Abbildung 1 zeigt die Vor- und Nachrechnungen für drei dialogorientierte Basissysteme (IPS = Ingenieurtechnisches Planungs- und Steuerunqssystem; SDE = Stoffdatenerfassung Produktion; AUA Auftragsabwicklung Vertrieb). Die Darstellung zeigt, daß Planabweichungen sowohl bei den Investitions(Entwicklungskosten) als auch bei den laufenden Kosten sowie bei den Nutzenvolumina zu verzeichnen sind. Bei den durch Nachrechnung ermittelten Ist-Zahlen entstehen in allen Fällen beachtliche ROI-(Return-on-Investment-)Kennzahlen, und zwar auf der Basis von hauptsächlich primären Nutzenkomponenten.

Ein ähnliches Bild ergibt sich bei den realisierten logistischen Planungs- und Steuerungssystemen. Abbildung 2 zeigt die Entwicklungskosten und die Nutzenüberschüsse für die realisierten PPS-Systeme der Materialwirtschaft. Den Entwicklungskosten insgesamt stehen Nutzenüberschüsse in fast doppelter Höhe gegenüber, wobei ein wesentlicher Teil der Nutzenüberschüsse auf die Kategorie "Steuerungsnutzen" entfällt. Hier erfordert der Nachweis des Ist-Steuerungsnutzens zwar einen höheren analytischen Aufwand; in einer Art Wahrscheinlichkeitsbewertung können jedoch nach der Methodik der "Risikoanalyse" der häufigste Wert und sein engerer Streubereich als "Quasi-Ist-Nutzen" in die Nachrechnung eingeführt werden.

In Abbildung 3 erscheinen die Nutzenkomponenten für das bei Henkel neu entwickelte "Top-Info"-Management-Informationssystem, das auf dem Gebiet der (internationalen) Konzernsteuerung und -berichterstattung eingesetzt wird. Das System basiert auf Datentransfer-Dateien, mit deren Hilfe die Umsatz-, Kosten-, Ergebnis- und Investmentdaten der verbundenen Unternehmen am dritten Arbeitstag eines jeden Monats in die zentrale "Top-Info"-Datenbank eingegeben werden. Nach Bearbeitung und Freigabe der Daten durch das Zentralcontrolling stehen der Unternehmensleitung ab dem fünften Arbeitstag die Konzernsteuerungsdaten - einschließlich der ROI/RI-Kennzahlen - zum Informationsabruf zur Verfügung.

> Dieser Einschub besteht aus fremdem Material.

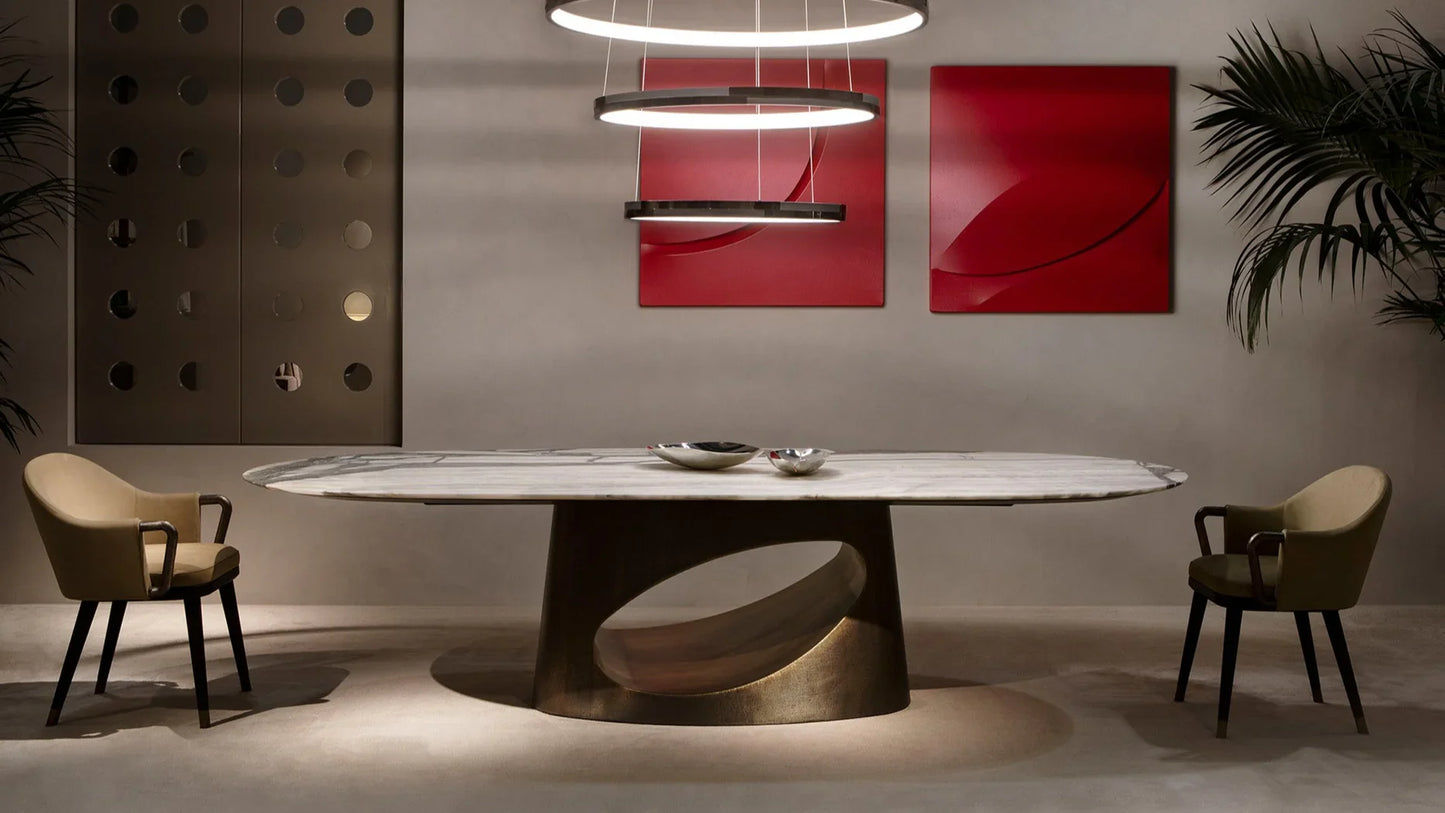 Rugiano - Camilla Stuhl - Stühle - Sarto Group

Das Top-Info-Management-Informationssystem ist Controlling-orientiert ausgerichtet. Es umfaßt neben direkten administrativen Nutzenkomponenten einen nicht näher quantifizierten Steuerungsnutzen. Um die Nutzenkomponenten zu realisieren, bedarf es der Umstellung des Managements und des Controllings auf ein "papierloses" Informations-Management. Das System soll in einer zweiten Stufe zu einem lernfähigen "Controller-Expertensystem" ausgebaut werden.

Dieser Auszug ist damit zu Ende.